According to Reuters, defense ministry spokesman Oleksandr Motuzyanyk said he would neither confirm nor deny a Ukrainian role in the alleged attack.

"Ukraine is currently conducting a defensive operation against Russian aggression on the territory of Ukraine, and this does not mean that Ukraine is responsible for every catastrophe on Russia's territory."

On 3 April, Russian state oil and gas company Sakhatransneftegaz JSC discovered an underground leak from the high-pressure gas pipeline in Verkhnevilyuysk, Yakutia.

The following day, a section of the main gas pipeline, Urengoy-Center-2, is said to have ruptured, causing a large fire in the Lysvensky district. The incident wasn't widely reported - only a local Russian newspaper covered it.

According to Carr, there were no casualties in any of the above incidents, but Radio Free Europe quoted Belgorod Governor Vyacheslav Gladkov as saying that two employees were injured during the fire in Belgorod.

"It's unlikely that the company [Gazprom] will acknowledge either the breach of their documents or the successful attacks against its SCADA [Supervisory Control and Data Acquisition] systems," Carr said. He releases details on the Computer Network Exploitation attack along with samples of documents taken by GURMO's cyber team.

According to Carr, GURMO exfiltrated almost 1.5 TB of valuable data. Carr himself has been authorized to share over 300MB of data from that breach, and only his paid subscribers are entitled to download that data.

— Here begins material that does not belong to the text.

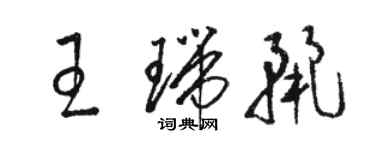 駱恆光王瑞麗草書個性簽名怎么寫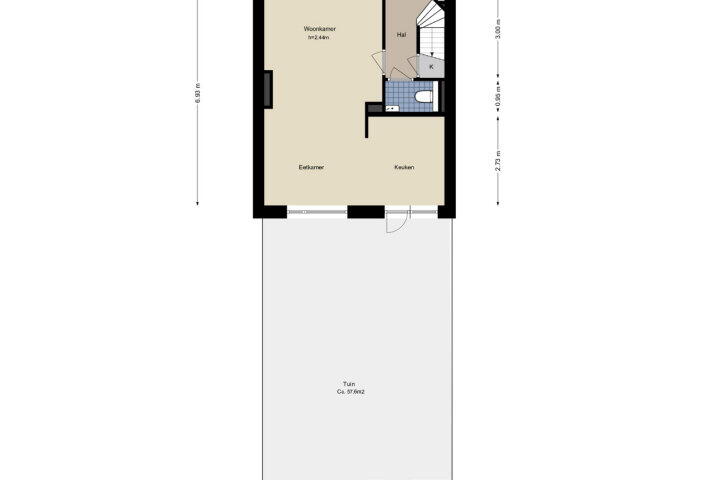 Plattegrond – Ferdinand Bolweg 4, Amstelveen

“The data includes administrative files for Gazprom management, communication requirements for the plants, maps, a massive 3,600 page .pdf on all of the requirements for construction of a new pipeline facility, a work order for an overhaul of the relay protection and automation devices, information on the assignment of the primary communications network of the pipeline as well as the digital radio-relay communication line (CRRL), and much, much more,” Carr said.

“A person familiar with pipeline security told me that the typical focus is on the compressor stations where the attacker would change the set points for high and low pressure, and modify the flow rate measuring units,” Carr added.